Also default element values apply when elements are empty. So empty is not simply a value for an element (''), but a condition that is related with other schema options (and also with instance when you use XSI atttributes on it).

The condition of a None or empty string value for a empty tag is IMHO related to validation against its type. Clearly if the type is an xs:int the '' is not applicable, and i think a None value should be better in this case.

Questionable if the type is xs:string but the xs:minLength is '1'. In this case a programmatic check could be based on an isinstance check.

In any case final decision of whether to map None or empty string values could be delegated to a custom converter after the decode phase (this is the role of converters in xmlschema). For None values also the filler option can be used instead of a custom converter.

brunato avatar Aug 17 '22 09:08 brunato

For empty tags ElementTree admits also an empty string for elem.text instead of None (depends by the parser).

In any case an empty string is not considered a text node (§6.7.1 of XQuery and XPath Data Model 3.1).

I'm still oriented to use the empty string value if there are not validation errors (lax decode mode), as already happens when there are validation errors on simple values.

brunato avatar Aug 18 '22 09:08 brunato

I would add two options for decoding (to_dict/decode/iter_decode):

  • keep_empty: if set to True empty elements that are valid are decoded with an empty string value instead of a None
  • element_hook: an optional function that is called with decoded element data before calling the converter decode method. Takes an ElementData instance plus optionally the XSD element and the XSD type, and returns a new ElementData instance.

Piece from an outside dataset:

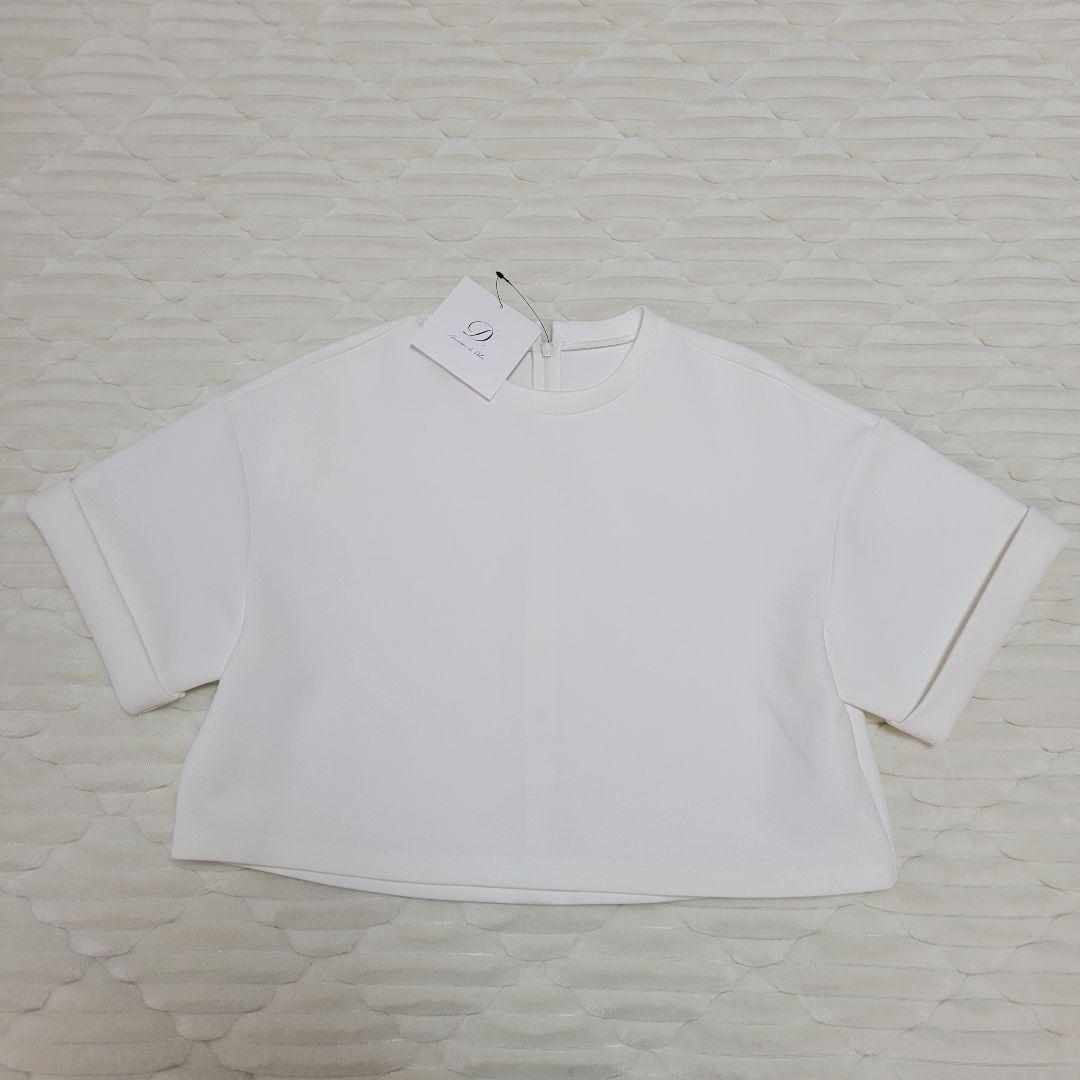 メゾンドドルチェ maison de Dolce. forme tee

The 1st option change the default behavior with empty elements, that are decoded to an empty string, instead of None. The 2nd is a general option that permits to change decoded element data with a different one (e.g. filter a specific attribute).

Anyway one can create a custom converter to do that, but this is not the usual role of converters, that are dedicated to shaping data, not on decoding/encoding (i will clean them also from checks of data.text !='').

The nillable elements, as stated by the XSD standard, are decoded with nil/null content but retain the attributes, so cases like your are generally not decoded to None (e.g. the element has other attributes besides xsi:nil='true').

Looking at conventions nothing put in evidence that the empty string is the usual default for empty elements instead of None, so changing this default behavior is questionable. Passing keep_empty='true' change the behavior like you proposed and doesn't break back compatibility.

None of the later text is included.